Why We Built Our Model This Way
Empirical Evidence for Component-Based Risk Assessment
Published: February 2026 • Study Period: 2024-2025
The Question
What actually predicts which motor carriers will crash? Rather than relying on industry assumptions, we tested each potential predictor empirically using temporal validation on 242,969 graded carriers.
We measured Year 1 factors (2024) and checked if they predicted Year 2 outcomes (2025), controlling for fleet size using Empirical Bayes shrinkage within fleet-size bands. This approach isolates true predictive signal from fleet-size confounding and revealed some surprising findings that challenged conventional wisdom.
Our Model Formula:
Each weight is tuned for both predictive power (AUC) and size-fairness. Crash history is the dominant predictor, followed by behavioral violations, equipment condition, and severity indicators. All rates are Empirical Bayes-adjusted and normalized per 100,000 miles.
Do Grades Predict Future Crashes?
Year 2 (2025) Crash Rates by Safety Grade
242,969 graded carriers • EB-adjusted rates per 100k miles
Carriers graded Critical in Year 1 were 3.35× more likely to crash in Year 2 than Excellent carriers, after controlling for fleet size via EB adjustment. 9.7% of Excellent carriers crashed, compared to 18.7% of Critical carriers.
Left number: EB-adjusted crash rate per 100k miles. Right number: % of carriers with any Year 2 crash.
What We Tested and What We Found
Our Methodology
For each potential predictor, we:
- 1. Measured Year 1 (2024): Recorded the predictor value for each carrier
- 2. Measured Year 2 (2025): Recorded their actual crash rate (per 100k miles)
- 3. Quintile Analysis: Divided carriers into 5 groups by predictor value
- 4. Calculated Relative Risk: Worst Quintile ÷ Best Quintile crash rates
Critical: All rates normalized per 100k miles and Empirical Bayes adjusted to account for fleet size. This ensures we're measuring true predictive power, not just correlation with fleet size.
1. Crash Rate (EB-Adjusted)
Dominant Predictor → 56% Weight
Past crashes are the single strongest predictor of future crashes. Carriers with elevated crash rates in Year 1 consistently had elevated rates in Year 2. This signal is robust across all fleet sizes and carrier ages.
Why 56%? Crash rates are the most direct measure of what we're trying to predict. We use Empirical Bayes shrinkage (Gamma-Poisson model) to stabilize rates for small carriers — a single crash doesn't doom a carrier, because we blend observed rates toward the fleet-size peer group average. This means the signal is reliable for both 3-truck operations and 3,000-truck fleets.
2. Behavioral Violations
Strong Discriminator → 18% Weight
Driver decision violations — speeding, reckless driving, HOS violations, drug and alcohol offenses — are the strongest leading indicator among violation types. These capture the culture and discipline of a carrier's operation before crashes actually happen.
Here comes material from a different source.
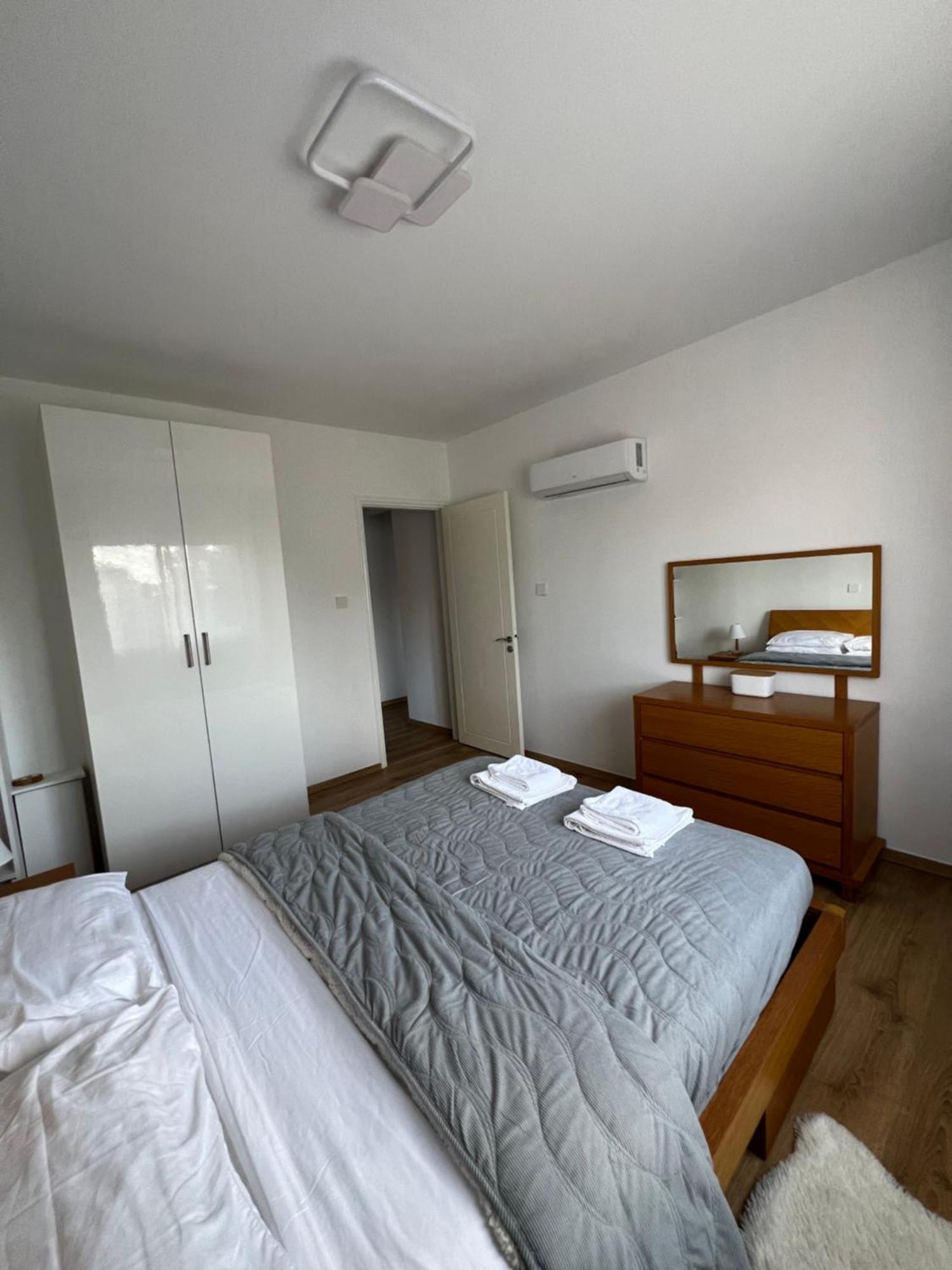 Iris Village Grand Apartment Πάφος Εξωτερικό φωτογραφία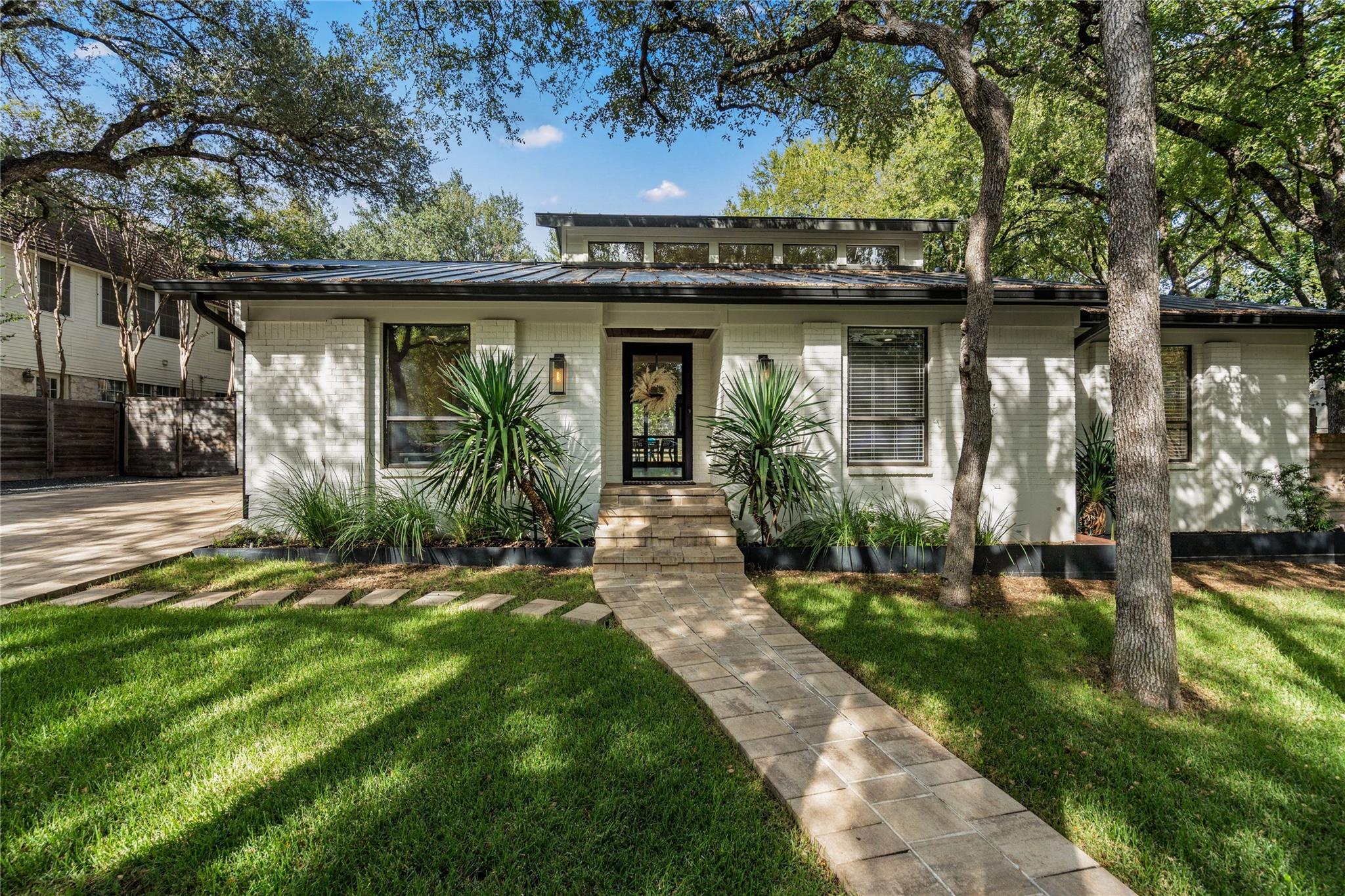 3104 Brightwood DR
Risk-Weighted Violation Types:
Cumulative Behavioral Dose-Response (EB-Adjusted):
% of carriers with any Year 2 crash, by number of distinct behavioral violation types in Year 1. EB RR is size-band normalized.
Why 18%? Behavioral violations are the best leading indicator — they reveal risk before crashes happen. A carrier whose drivers regularly speed or drive fatigued is fundamentally higher risk. Each violation type is weighted by its empirically-measured relative risk contribution from the Violation Types study.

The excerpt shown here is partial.